RECORDS FOR THIS TASK –
------------
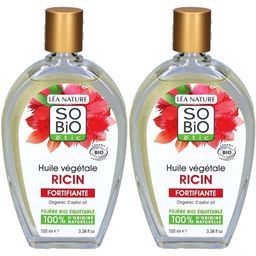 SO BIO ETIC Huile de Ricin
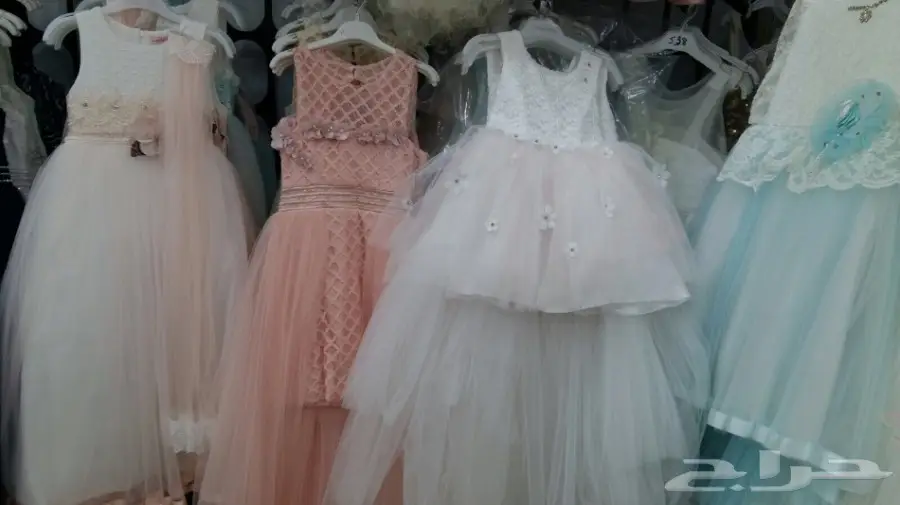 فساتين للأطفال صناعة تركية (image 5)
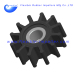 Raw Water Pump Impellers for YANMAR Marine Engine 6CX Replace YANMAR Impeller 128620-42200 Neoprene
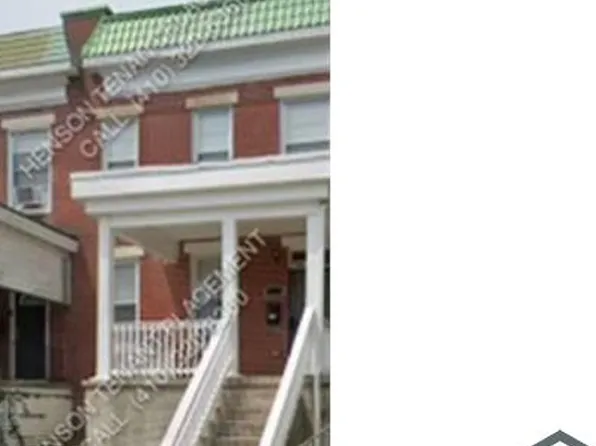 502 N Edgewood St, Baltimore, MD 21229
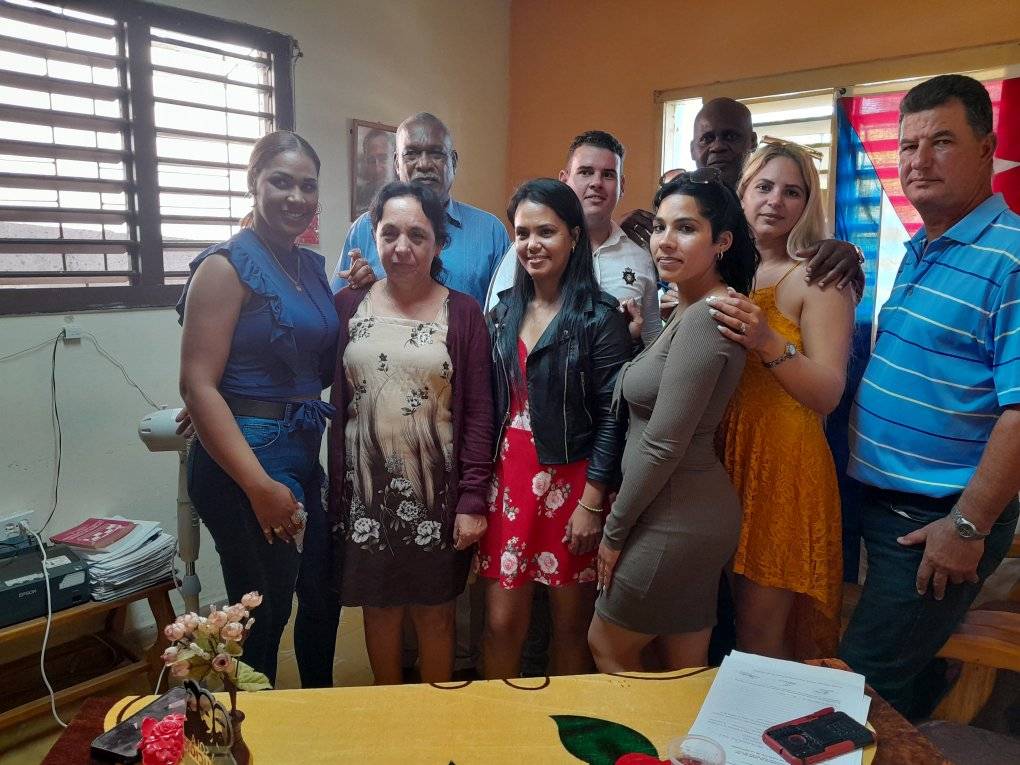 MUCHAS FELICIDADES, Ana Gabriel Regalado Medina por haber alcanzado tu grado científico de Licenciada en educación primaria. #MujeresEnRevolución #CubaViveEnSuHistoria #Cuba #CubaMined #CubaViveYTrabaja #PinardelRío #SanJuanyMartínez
------------
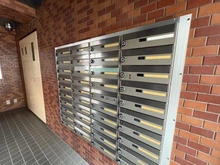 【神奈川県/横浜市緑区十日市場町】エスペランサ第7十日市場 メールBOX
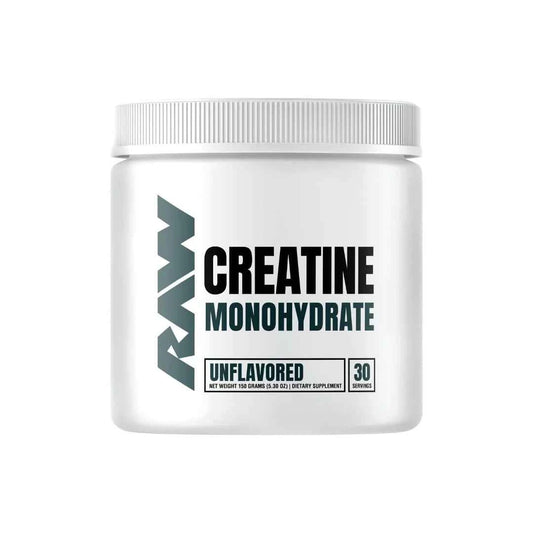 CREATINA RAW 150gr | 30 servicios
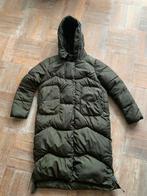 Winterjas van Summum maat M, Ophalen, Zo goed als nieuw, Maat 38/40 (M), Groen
------------
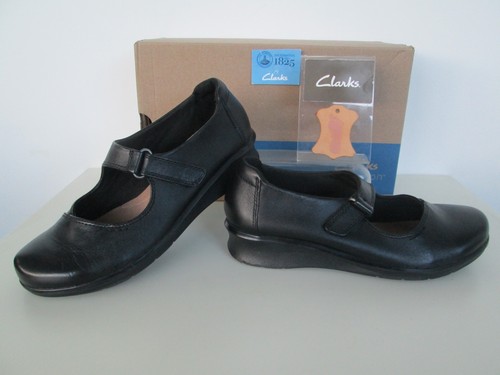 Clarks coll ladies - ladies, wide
------------
From the listing above, repeat only the lines between the line containing "SO BIO ETIC Huile de Ricin" and the line containing "MUCHAS FELICIDADES, Ana", those two included. Pictures are not part of the copy.

 SO BIO ETIC Huile de Ricin
 فساتين للأطفال صناعة تركية (image 5)
 Raw Water Pump Impellers for YANMAR Marine Engine 6CX Replace YANMAR Impeller 128620-42200 Neoprene
 502 N Edgewood St, Baltimore, MD 21229
 MUCHAS FELICIDADES, Ana Gabriel Regalado Medina por haber alcanzado tu grado científico de Licenciada en educación primaria. #MujeresEnRevolución #CubaViveEnSuHistoria #Cuba #CubaMined #CubaViveYTrabaja #PinardelRío #SanJuanyMartínez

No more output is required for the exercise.